Stalprodukt w dwudziestce "Dobrych Firm"
I znów dobre wieści o bocheńskiej stalowni ? w opublikowanym przez ?Rzeczpospolitą? rankingu 2000 polskich firm Grupa Kapitałowa Stalprodukt SA zajęła 171 miejsce, a firma dodatkowo została wyróżniona w rankingu ?Dobrych Firm?.
To spore wyróżnienie dla prowadzonego przez Piotra Janeczka zakładu, gdyż ranking sporządza kapituła, w skład której wchodzą m.in. prof. Witold Orłowski (główny ekonomista PricewaterhouseCoopers), Andrzej Sadowski — wiceprezydent Centrum im. Adama Smitha czy dr Bohdan Wyżnikiewicz — wiceprezes Instytutu Badań nad Gospodarką Rynkową. Co roku tytuł "Dobrej Firmy" uzyskuje tylko 20 zakładów, obecność na niej Stalproduktu jest wiec powodem do dumy tak dla zakładu jak i całego miasta. Osiągając w 2007 roku przychody ze sprzedaży na poziomie 1 mld 630 mln zł i zysk w wysokości 350 mln zł Stalprodukt udowodnił, że potrafi idealnie "wstrzelić" się w zapotrzebowanie rynku na swoje wyroby.

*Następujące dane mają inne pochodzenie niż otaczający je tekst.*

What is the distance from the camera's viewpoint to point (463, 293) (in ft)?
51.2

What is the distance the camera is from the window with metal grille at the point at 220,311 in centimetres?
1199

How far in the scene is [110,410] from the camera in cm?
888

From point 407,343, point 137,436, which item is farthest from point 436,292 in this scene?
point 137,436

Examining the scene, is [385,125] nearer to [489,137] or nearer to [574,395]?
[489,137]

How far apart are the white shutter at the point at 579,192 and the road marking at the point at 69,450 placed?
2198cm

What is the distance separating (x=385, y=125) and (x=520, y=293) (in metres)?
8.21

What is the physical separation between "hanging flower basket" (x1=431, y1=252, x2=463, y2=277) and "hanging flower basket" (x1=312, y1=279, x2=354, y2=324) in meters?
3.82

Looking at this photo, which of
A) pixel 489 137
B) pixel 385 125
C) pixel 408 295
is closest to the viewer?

Ale nie tylko to przesądziło o sukcesie firmy. W ocenie samego prezesa Janeczka Stalprodukt w ostatnich latach konsekwentnie przygotowywał się do działania także w gorszych czasach. Firma postawiła na rozwój organiczny, dzięki temu uniknęła spirali zadłużenia, a jednocześnie rozwinęła te dziedziny, które zapewniają jej elastyczność w warunkach ostrej walki konkurencyjnej. W ciągu 4 ostatnich lat firma na inwestycje wydała 800 mln zł, dzięki czemu jest w ścisłej światowej czołówce producentów blachy transformatorowej. W ciągu kilkunastu miesięcy jej produkcja uległa zwiększeniu z 30 tys. do 100 tys. ton rocznie. Kilkaset milionów kosztowało podsinienie na najwyższy poziom produkcji różnych wyrobów ze stali o podwyższonej wytrzymałości dla budownictwa i przemysłu maszynowego. Już przynosi dochody rozwijana w szybkim tempie technologia cynkowania barier drogowych. Możliwości te wzrosły niepomiernie dzięki oddaniu do użytku nowej cynkowni oraz niedawnemu przejęciu firmy Cynk-Mal z Legnicy.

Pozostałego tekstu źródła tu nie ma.